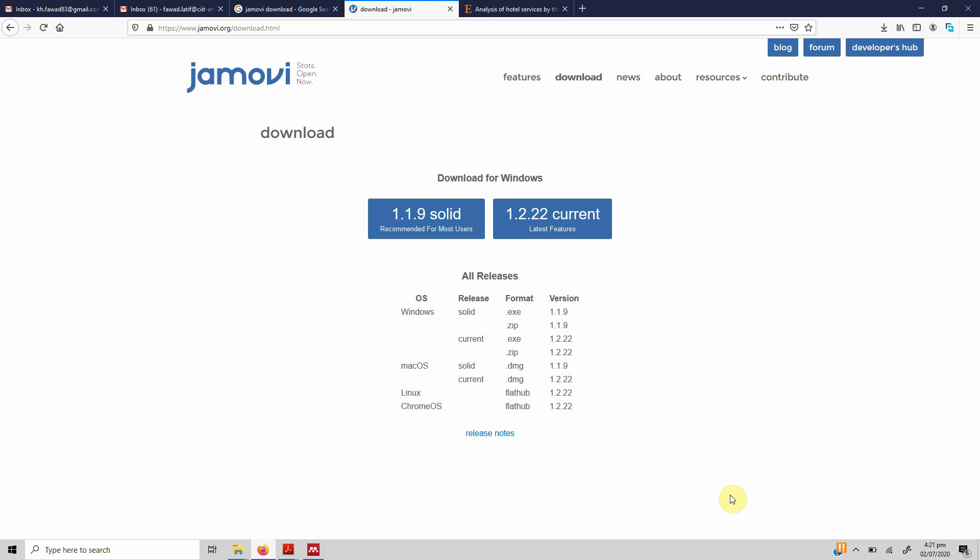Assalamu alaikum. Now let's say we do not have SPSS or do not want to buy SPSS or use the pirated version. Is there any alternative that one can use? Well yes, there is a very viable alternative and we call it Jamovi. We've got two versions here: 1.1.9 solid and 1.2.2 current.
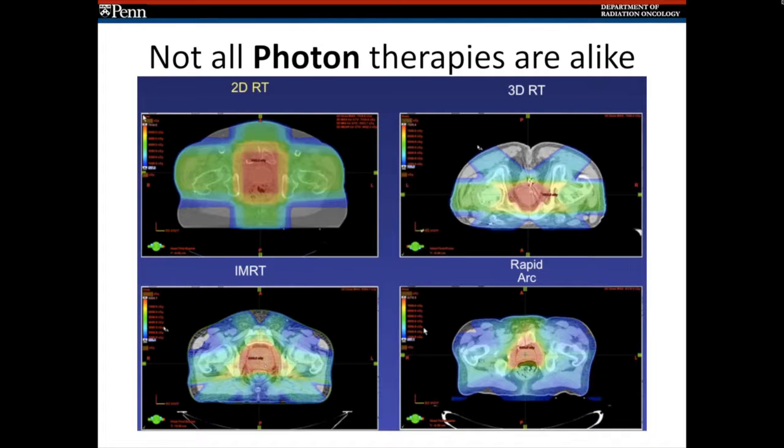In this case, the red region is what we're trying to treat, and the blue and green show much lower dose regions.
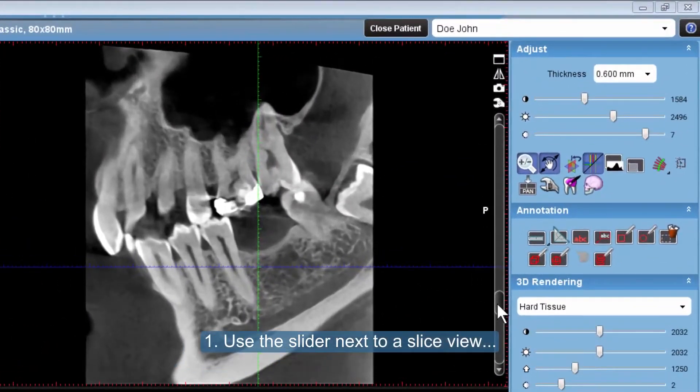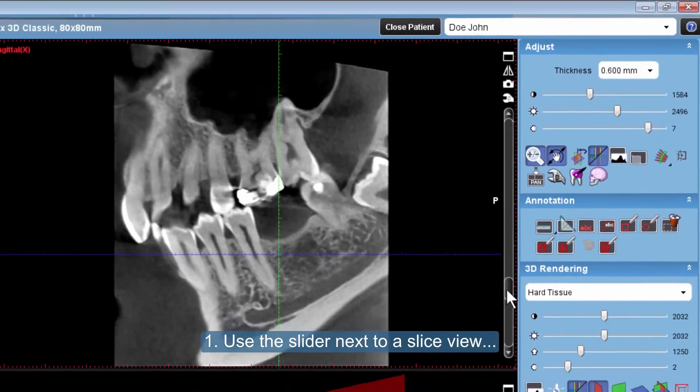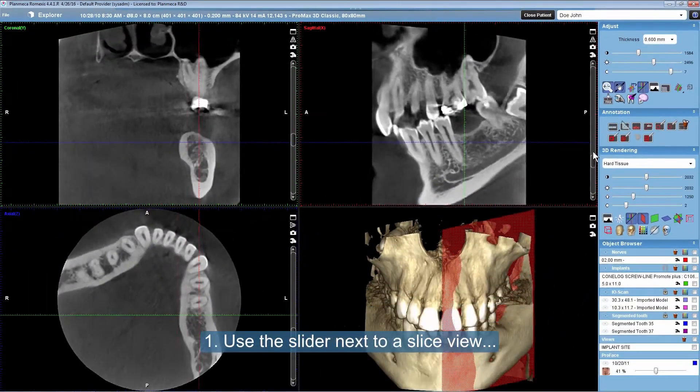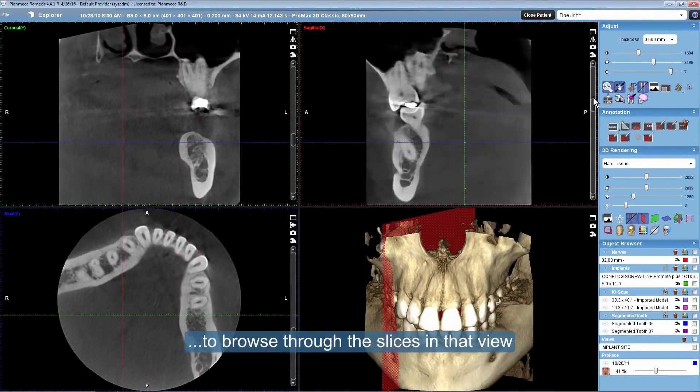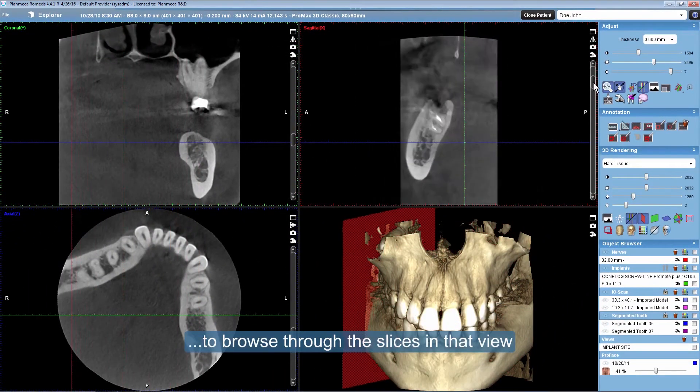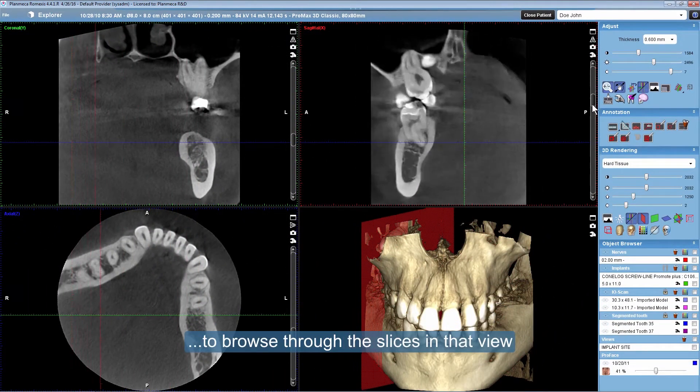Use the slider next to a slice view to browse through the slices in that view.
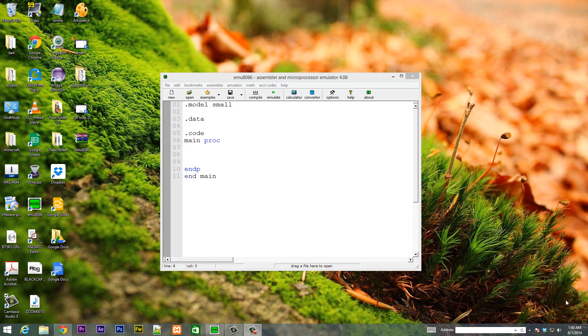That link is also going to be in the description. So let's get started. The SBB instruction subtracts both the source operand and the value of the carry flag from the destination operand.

Task objective: Your copy should hold only the lines from the line with "In this case, the" through the end of the data above, both ends included, transcribed exactly and without pictures.

Written answer:
In this case, the red region is what we're trying to treat, and the blue and green show much lower dose regions.
Use the slider next to a slice view to browse through the slices in that view.
That link is also going to be in the description. So let's get started. The SBB instruction subtracts both the source operand and the value of the carry flag from the destination operand.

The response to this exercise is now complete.